Hobart Race or Bust

Sailing the Rolex Sydney Hobart with her father carries on a distance-racing family tradition

Katie Devore
Katie DeVore relaxes before the start of the 2017 Rolex Sydney Hobart Race on board the New York-based Xp 44 Warrior Won. Photo: H.I. Devore

Katie DeVore calls herself her dad’s “fake son.” As a kid, she delighted in trips to Home Depot with her father, H.L. DeVore, and the projects that followed those trips.

“We’ve always had a special connection,” she says. “I would go to the boatyard to work on the boat, and sail with my dad on our Shields or J/44.”

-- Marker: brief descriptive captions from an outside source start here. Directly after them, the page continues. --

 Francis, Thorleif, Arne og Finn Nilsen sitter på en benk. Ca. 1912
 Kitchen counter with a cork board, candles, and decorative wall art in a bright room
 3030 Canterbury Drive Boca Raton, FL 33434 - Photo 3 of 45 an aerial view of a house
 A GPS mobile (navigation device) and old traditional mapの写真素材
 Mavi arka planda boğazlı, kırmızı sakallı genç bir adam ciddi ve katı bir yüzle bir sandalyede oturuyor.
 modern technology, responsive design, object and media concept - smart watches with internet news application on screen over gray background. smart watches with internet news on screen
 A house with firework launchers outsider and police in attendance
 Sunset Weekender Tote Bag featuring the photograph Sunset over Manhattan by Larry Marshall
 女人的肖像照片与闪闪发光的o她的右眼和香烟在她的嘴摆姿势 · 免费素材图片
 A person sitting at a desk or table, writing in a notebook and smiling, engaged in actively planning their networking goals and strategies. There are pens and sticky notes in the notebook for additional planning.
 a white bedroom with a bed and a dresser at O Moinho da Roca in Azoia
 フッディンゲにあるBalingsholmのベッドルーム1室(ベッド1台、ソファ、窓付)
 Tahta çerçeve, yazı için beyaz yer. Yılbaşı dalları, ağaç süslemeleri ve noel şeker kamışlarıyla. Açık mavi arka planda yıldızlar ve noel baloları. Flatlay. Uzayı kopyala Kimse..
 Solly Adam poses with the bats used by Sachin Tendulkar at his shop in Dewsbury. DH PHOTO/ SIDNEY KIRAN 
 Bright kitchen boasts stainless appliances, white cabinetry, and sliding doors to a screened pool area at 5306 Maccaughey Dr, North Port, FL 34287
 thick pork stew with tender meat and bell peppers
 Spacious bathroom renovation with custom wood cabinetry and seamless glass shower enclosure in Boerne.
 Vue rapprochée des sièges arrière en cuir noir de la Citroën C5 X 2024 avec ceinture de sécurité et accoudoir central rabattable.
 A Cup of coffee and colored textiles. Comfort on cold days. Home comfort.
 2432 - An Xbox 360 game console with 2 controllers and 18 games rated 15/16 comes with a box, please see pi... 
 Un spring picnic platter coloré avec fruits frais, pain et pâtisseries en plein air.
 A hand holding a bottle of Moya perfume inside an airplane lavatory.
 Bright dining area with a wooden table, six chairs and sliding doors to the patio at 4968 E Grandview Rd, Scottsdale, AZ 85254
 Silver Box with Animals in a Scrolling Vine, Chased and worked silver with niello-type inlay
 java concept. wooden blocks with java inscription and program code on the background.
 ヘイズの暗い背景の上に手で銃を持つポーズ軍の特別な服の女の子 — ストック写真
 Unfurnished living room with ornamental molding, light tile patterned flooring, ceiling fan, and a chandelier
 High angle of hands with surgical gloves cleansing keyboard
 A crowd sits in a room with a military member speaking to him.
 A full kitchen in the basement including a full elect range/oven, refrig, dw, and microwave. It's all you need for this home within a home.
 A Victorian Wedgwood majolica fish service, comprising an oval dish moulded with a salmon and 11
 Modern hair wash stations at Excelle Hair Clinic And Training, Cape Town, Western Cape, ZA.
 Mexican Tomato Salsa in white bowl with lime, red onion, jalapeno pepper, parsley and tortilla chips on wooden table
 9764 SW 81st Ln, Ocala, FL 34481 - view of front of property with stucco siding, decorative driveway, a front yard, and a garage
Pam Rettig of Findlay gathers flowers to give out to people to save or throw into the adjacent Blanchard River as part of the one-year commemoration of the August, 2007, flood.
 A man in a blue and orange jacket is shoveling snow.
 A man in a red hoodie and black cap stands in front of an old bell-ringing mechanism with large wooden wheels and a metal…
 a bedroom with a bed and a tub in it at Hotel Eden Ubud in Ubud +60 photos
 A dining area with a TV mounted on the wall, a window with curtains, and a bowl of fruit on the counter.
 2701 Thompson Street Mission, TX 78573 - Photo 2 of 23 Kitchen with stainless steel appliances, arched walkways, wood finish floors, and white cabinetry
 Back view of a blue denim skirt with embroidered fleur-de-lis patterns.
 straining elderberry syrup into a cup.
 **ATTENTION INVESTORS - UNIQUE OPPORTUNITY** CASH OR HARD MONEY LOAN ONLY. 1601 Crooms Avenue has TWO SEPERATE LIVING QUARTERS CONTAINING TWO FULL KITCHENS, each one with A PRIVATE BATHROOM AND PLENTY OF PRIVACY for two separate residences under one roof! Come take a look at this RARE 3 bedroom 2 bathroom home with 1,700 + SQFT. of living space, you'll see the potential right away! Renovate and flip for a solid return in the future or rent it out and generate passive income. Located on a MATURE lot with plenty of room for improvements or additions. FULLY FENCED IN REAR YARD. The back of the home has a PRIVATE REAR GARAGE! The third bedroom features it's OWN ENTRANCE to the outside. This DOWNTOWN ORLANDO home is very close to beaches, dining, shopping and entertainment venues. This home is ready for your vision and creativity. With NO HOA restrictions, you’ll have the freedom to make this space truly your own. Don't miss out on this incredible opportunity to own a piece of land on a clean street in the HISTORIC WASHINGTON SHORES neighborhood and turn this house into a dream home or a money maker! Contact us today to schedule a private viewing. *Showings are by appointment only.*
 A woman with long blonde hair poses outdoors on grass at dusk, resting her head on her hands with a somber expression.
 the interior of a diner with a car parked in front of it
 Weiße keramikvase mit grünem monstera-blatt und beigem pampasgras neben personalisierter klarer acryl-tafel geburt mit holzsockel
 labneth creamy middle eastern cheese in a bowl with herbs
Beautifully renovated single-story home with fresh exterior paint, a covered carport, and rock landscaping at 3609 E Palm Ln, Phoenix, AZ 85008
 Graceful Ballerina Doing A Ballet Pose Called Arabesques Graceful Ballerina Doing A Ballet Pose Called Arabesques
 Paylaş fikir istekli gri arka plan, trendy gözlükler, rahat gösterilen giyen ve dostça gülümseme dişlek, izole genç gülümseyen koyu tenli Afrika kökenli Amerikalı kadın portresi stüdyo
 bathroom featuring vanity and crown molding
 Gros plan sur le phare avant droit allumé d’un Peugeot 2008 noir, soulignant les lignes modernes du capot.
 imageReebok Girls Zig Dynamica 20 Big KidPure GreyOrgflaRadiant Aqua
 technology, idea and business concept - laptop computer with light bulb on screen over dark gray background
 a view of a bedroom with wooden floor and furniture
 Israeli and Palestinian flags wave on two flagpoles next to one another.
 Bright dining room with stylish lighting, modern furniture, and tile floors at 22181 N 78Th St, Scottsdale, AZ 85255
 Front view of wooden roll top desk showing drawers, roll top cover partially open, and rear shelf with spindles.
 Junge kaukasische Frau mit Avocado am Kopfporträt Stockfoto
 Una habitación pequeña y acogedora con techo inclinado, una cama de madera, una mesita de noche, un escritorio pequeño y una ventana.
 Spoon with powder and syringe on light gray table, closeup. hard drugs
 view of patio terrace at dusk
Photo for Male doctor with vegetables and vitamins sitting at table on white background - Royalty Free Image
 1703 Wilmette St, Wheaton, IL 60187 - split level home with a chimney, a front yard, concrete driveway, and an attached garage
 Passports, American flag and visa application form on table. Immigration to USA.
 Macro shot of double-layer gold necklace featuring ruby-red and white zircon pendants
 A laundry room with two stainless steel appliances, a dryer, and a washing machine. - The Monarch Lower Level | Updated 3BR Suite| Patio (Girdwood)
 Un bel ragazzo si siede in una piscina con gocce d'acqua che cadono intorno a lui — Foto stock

Ever since she was a youngster, DeVore admired her father for his participation in distance races, such as the Newport Bermuda, and made it her goal to eventually sail in one herself. In December 2016, the senior DeVore was watching a live broadcast of the Rolex Sydney Hobart Race with his family and mused aloud about taking his own team to race on Christopher Sheehan’s Xp 44 Warrior Won. The younger DeVore seized the opportunity to plead for a chance to join the crew herself should they enter Australia’s great race.


DeVore got her wish months later during the 2017 Edlu ­Distance Race on Long Island Sound. With her father as navigator and Sheehan at the helm, DeVore took up the challenge with confidence and a willingness to learn, with her focus set on Hobart Race.

“Each race that I did, I also learned and grew,” she says. “Mr. Sheehan puts an emphasis on learning, so I was never afraid to make a mistake.”

DeVore is an accomplished sailor and a Division 1 track athlete at the University of Pennsylvania, so committing to and completing the race was a balancing act for the busy 20-year-old. She finished an exam and left for Sydney within 24 hours. Once she arrived Down Under, she went straight from baggage claim to ­Warrior Won for practice. Exhausted but full of adrenaline, she says, she took in the sights for the first time.


“I was immediately overcome,” says DeVore. “Being in Sydney Harbor and seeing the Opera House and the bridge, with LDV Comanche ripping across the harbor, it hit me how crazy it was to be doing the race just a short time after packing up my dorm room.”

Standout memories of the race include sailing past ­Tasmania’s iconic Organ Pipes, reaching a record speed of 22.3 knots, and the abundance of camaraderie on the dock post-race. What held the most weight, however, was hearing her father say he was living his dream.

“For me to be able to do the Sydney Hobart Race with my dad is a once-in-a-lifetime experience,” she says, “to be able to cross the finish line with him.”